Er setzte sich vor mich und beobachtete mich.

"Was?"

"Nichts, es ist nur...", er hielt inne.

Ich schaute ihn abwartend an. Kommt da noch was?

Er schüttlete den Kopf.

"Ach nichts.", lächelte er.

"Du bist komisch."

Ich nippte an meinem Kaffee.

"Wir gehn heute feiern. Kommst du mit?", sagte er und stand auf.

"Nein."

"Wieso nicht?"

"Ich bin kein Party typ. Ich war noch nie jemand der gerne Mitten in einer Menschenmenge stand, eher gesagt versuche ich jeglichen Kontakt mit ... betrunkenen, zu gleich auch tanzenden Leuten zu vermeiden."

Er nickte.

"Hast du Hunger?"

"Nein, du kannst wieder zu deinen Freunden."

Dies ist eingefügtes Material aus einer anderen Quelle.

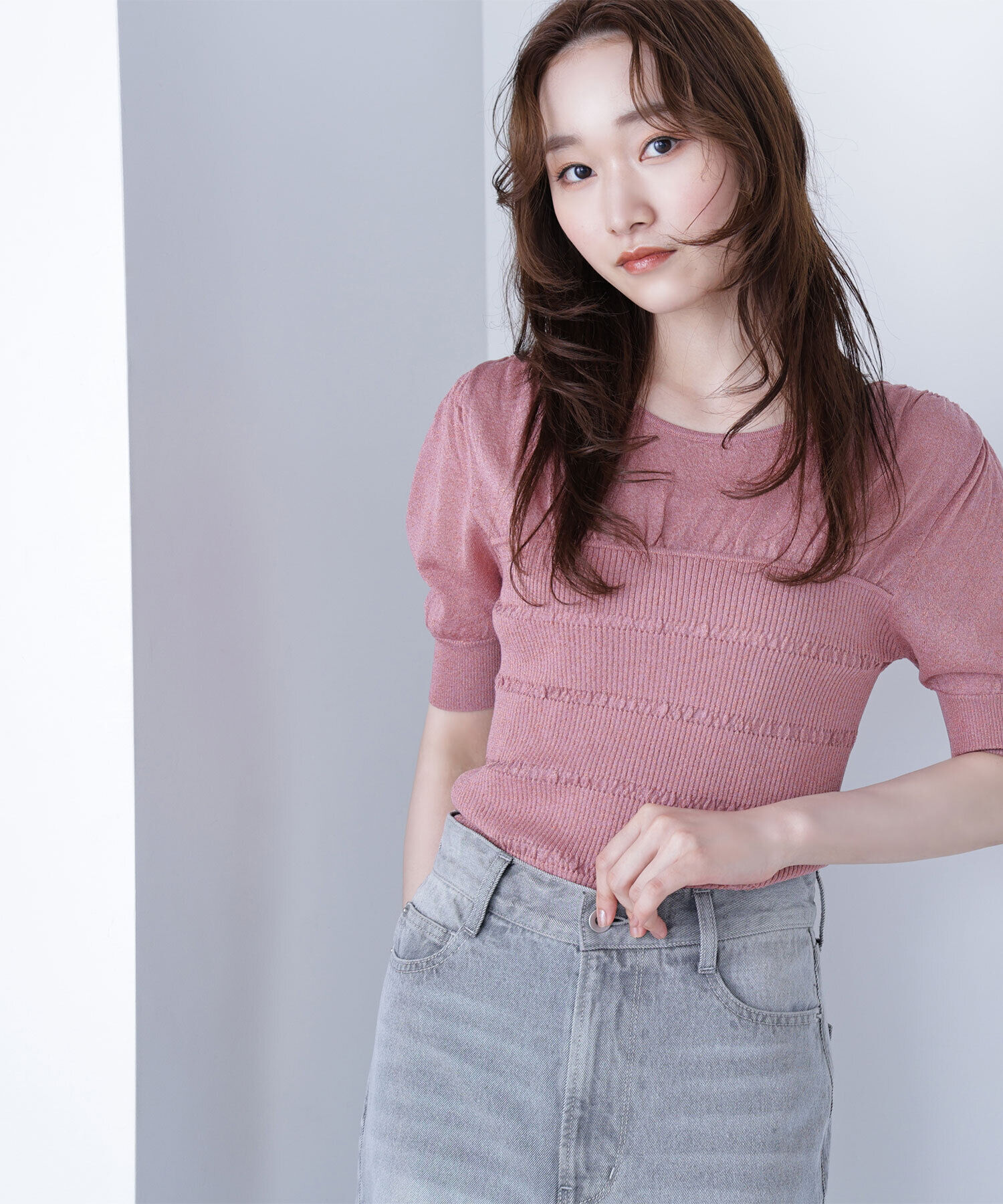  「切替ラメリブニット」|ニット・セーター|ピンク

"Ruf mich wenn was ist.", sagte er und strich über meinen Arm.

Ich saß lange in der Küche und schaute aus dem Fenster. Nach Frühstück war mir nicht. Ich dachte nach. Über Harry. Ich wusste selbst nicht warum. Ich fragte mich was das für ein Gefühl war, als er mich umarmt hat. Oder als wir zusammen im Bett lagen. Man kann hier nicht wirklich von liebe sprechen. Nein. Aber was war es sonst? Das Gefühl war mir völlig fremd.

"Selena! Ich rede mit dir!"

Eine Hand fuchtelte vor meinem Gesicht und riss mir aus meinen Gedanken. Ich zuckte zusammen.

"Was?", fragte ich stutzig.

"Ich rede schon die ganz Zeit mit dir, aber du hörst garnicht zu.", lachte Nathan. "Ich fahr zu Ethan und schlaf wahrscheinlich bei einer Freundin. Wollte nur Bescheid sagen."

"Wieso lässt du mich in letzter Zeit immer alleine?", fragte ich traurig.

"Sein nicht traurig. Heute ist das letzte mal versprochen. Montag Unternehmen wir was. Das versprech ich dir.", sagte er und umarmte mich.

Ich erwiederte die Umarmung und er ging. Auch die anderen Jungs gingen und wieder einmal waren Harry und ich alleine zuhause.

"Ich geh dann mal duschen. Wenn was ist, weißt du dann wo ich bin.", kam es von hinter mir.

Ohne mich umzudrehen nickte ich.

Nachdem ich meinen Kaffee getrunken hatte legte ich mich auf die Couch und schalltete den Fernseher an.

H A R R Y

Ich zog mich aus und stellte mich unter die Dusche. Das warme Wasser prasselte auf meine Haut und fühlte sich so gut an. Es beruhigte mich.

Meine Gedanken schweiften unwillkürlich zu ihr. Sie war nahe zu Perfekt. Ihre Augen. Ihre Haare. Ihr Körper. Alles ist perfekt. Ich liebe alles an ihr. Als ich diesen Job angenommen hatte, wusste ich nicht das ich auf jemanden wie sie treffe.

Ich wollte sie haben. Ich wollte sie spüren. Verdammt wie sehr ich es wollte. Seit ich bei ihr bin, habe ich mit keiner Frau mehr geschlafen. Verdammt ich habe nicht mal mehr eine Frau angeguckt.

Dieses Gefühl ist neu und unbeschreiblich. Ich habe noch nie für jemanden so empfunden, wie für sie.

Die Tatsache das wir niemals etwas sein werden machte mich verrückt. Wieso will sie nicht?

Das kannst du doch nicht wissen.

Ich weiß es aber!

Gib ihr Zeit. Das wird schon.

"Ich will sie aber jetzt!", schrie ich und schlug mit der Faust gegen die Wand.

Plötzlich klopfte es an der Tür.

"Alles okay, Harry?", fragte ihre liebliche Stimme. Sie war durch die Tür nur noch gedämpft.